Return only the lines running from the one that contains "Запчасть акпп TOYOTA CELSIOR 1999" through the end of the entries, exactly, both ends included. Omit pictures.

^^^^

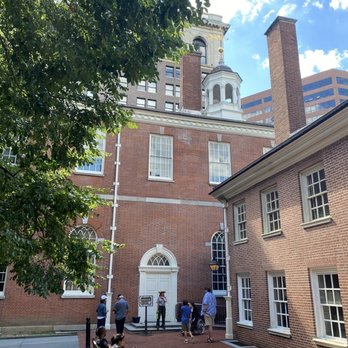 Independence Hall - Landmarks & Historical Buildings Near Me - Philadelphia, Pennsylvania Independence Hall - Landmarks & Historical Buildings Near Me - Philadelphia, Pennsylvania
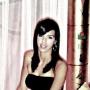 Mary Ortiz Photo 44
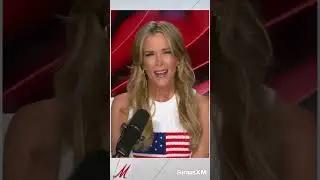 Megyn Kelly Calls Out Jeff Bezos and Lauren Sanchez's Ridiculous Wedding With 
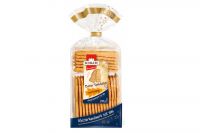 Schulte Butter Spekulatius (200g)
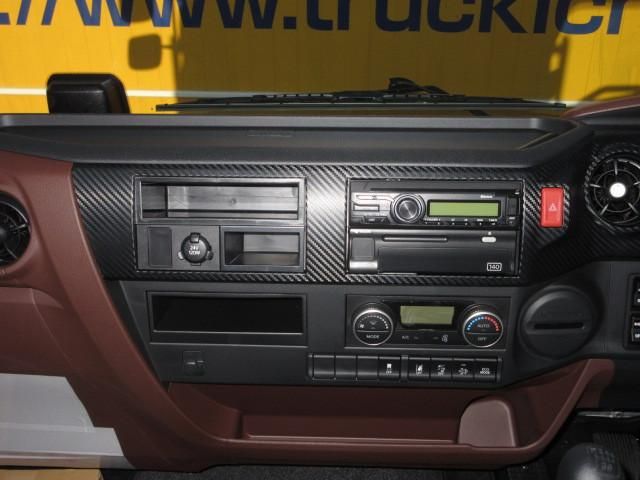 Hino RANGER 2025-10 7199723-16
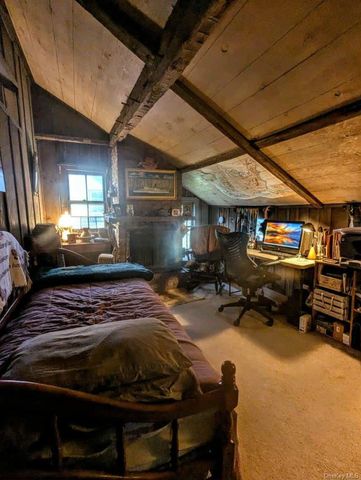 1367 Kings Highway, Chester, NY 10918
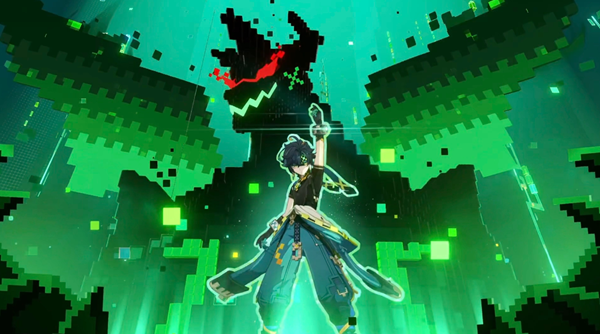 原神湛蓝曜石断片珍贵宝箱在哪1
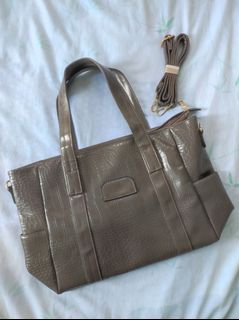 arnaldo bassini bag View all arnaldo bassini bag ads in
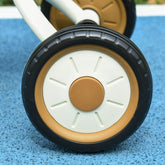 MLNshops Best Tricycle for Ages 2-5 - Kids Tricycle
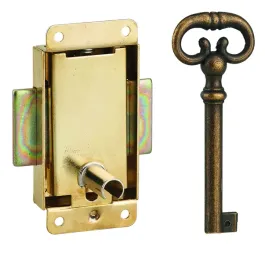 zamek-meblowy-nawierzchniowy-30x50-mm-mosiadz-os-15-mm-1-klucz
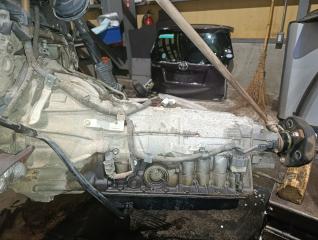 Запчасть акпп TOYOTA CELSIOR 1999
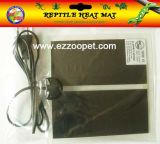 EZ ZOO Reptile Heat Mat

^^^^

§ **EXERCISE RESPONSE**
 Запчасть акпп TOYOTA CELSIOR 1999
 EZ ZOO Reptile Heat Mat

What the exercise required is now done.